FIFA, world soccer's governing body, rescinded a decision to suspend the Iraqi squad from qualifying matches
for next year's World Cup tournament. The national team is set to play
Australia in Brisbane on Sunday, when you can expect all televisions to
be tuned in any place in Baghdad that's getting its share of the seven
hours of daily city electricity.
Iraqi soccer is often called
the only big national success story since the U.S. invasion and fall of
Iraqi dictator Saddam Hussein in 2003. Despite the country's chaotic
mayhem, dysfunctional government and decrepit utilities, Iraq came in fourth at the 2004 Olympics and won the Asian championship last year. The wins repeatedly sent Iraqis into the streets with dances and celebratory gunfire that sometimes alarmed U.S. troops. The team–a mix mainly of Arab Shiites and ethnic Kurds with one Sunni Arab star (see The Official Younis Mahmoud Website)–unites
Iraqis in its success and diverts attention from bloodier matters. But
it has also gone through its own episodes of raw bloodshed, division
and politics.
Hussein's son Uday ran the country's sports
establishment for years before the war. He infamously had players
jailed and beaten when they failed to bring home wins. He also stifled
their requests to play abroad where they could make real money.
After
the war, retired soccer stars Ahmed Radhi and Hussein Saeed engaged in
a public feud over control for the newly liberated soccer domain. I
interviewed Radhi in 2003. He was young and handsome but with an
athlete's naiveté and clearly doomed against Saeed, an older and
educated former player who had already reached high positions in the
soccer union under Uday. Baghdad soccer fans would buzz with rumors
about Radhi having Saeed's house raked with machine gun fire (others
said it was a hand grenade) but Saeed, who I saw at a team practice in
2004 as he was flanked by Kalashnikov-wielding bodyguards, was secure
in his hold on soccer power and had good connections in the game
internationally.
Even amid their early post-war success, players
would complain that the soccer administration wasted or stole money
that they should have gone for things like good soccer shoes (players
bought their own) and health insurance. Granted, sports organizations
worldwide have a pretty long record for corruption and mismanagement.
It
was a decision by the Iraqi government that apparently touched off the
latest off-field drama. The cabinet of Iraqi Prime Minister Nouri
al-Maliki disbanded the Iraqi Olympic Committee, claiming its
leadership was corrupt and failing to hold required elections. The
soccer federation, still run by Saeed, is under the committee's
jurisdiction and was apparently also dissolved. FIFA, which held to a
hands-off stance throughout much of Uday Hussein's sadistic rule of
Iraqi soccer, pronounced this decision as illegitimate political
interference. On Monday, it announced it would suspend the team's World
Cup participation unless the Iraqi government reversed its action.
Widespread
distress and news coverage ensued with frequent updates on the
negotiations. The team arrived in Australia (they train outside Iraq
for safety) on Tuesday. Coach Adnan Hamad, who steered the team through
the 2004 Olympics, fretted that the controversy would prove a defeating
distraction.
But Thursday the FIFA ban was reversed after the
Iraqi government stipulated that it was not targeting the country's
soccer federation in its move against the umbrella Olympic Committee.

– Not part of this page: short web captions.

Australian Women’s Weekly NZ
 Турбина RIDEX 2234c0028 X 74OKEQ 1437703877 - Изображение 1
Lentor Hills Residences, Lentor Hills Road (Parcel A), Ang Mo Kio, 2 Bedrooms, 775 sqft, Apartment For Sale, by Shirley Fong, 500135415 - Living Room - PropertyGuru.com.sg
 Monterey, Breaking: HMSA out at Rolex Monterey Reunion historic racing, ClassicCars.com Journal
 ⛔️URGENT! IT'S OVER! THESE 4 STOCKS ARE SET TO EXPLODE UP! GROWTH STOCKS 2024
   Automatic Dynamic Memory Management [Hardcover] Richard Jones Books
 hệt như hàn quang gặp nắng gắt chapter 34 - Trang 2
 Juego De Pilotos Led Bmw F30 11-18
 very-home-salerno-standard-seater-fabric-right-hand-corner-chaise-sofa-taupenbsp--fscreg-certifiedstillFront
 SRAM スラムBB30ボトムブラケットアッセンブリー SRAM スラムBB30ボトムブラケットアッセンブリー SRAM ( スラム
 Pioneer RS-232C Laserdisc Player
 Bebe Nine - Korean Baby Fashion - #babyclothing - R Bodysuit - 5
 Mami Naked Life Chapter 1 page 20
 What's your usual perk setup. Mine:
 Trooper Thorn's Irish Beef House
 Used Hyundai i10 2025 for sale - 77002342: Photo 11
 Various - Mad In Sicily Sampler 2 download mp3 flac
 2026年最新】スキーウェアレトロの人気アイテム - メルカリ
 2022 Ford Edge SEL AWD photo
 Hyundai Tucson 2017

One of the first hints that a resolution was on the way came the night
before in a report quoting none other than Ahmed Radhi,
who for now appears to be back on workable terms with Saeed. Saeed
assured him that the game would go and Australian officials were
pushing to play the Sunday match so they would not lose the television
revenues. Whatever the reason, now it's up to the players to overcome
the chaos and win. They've done it before.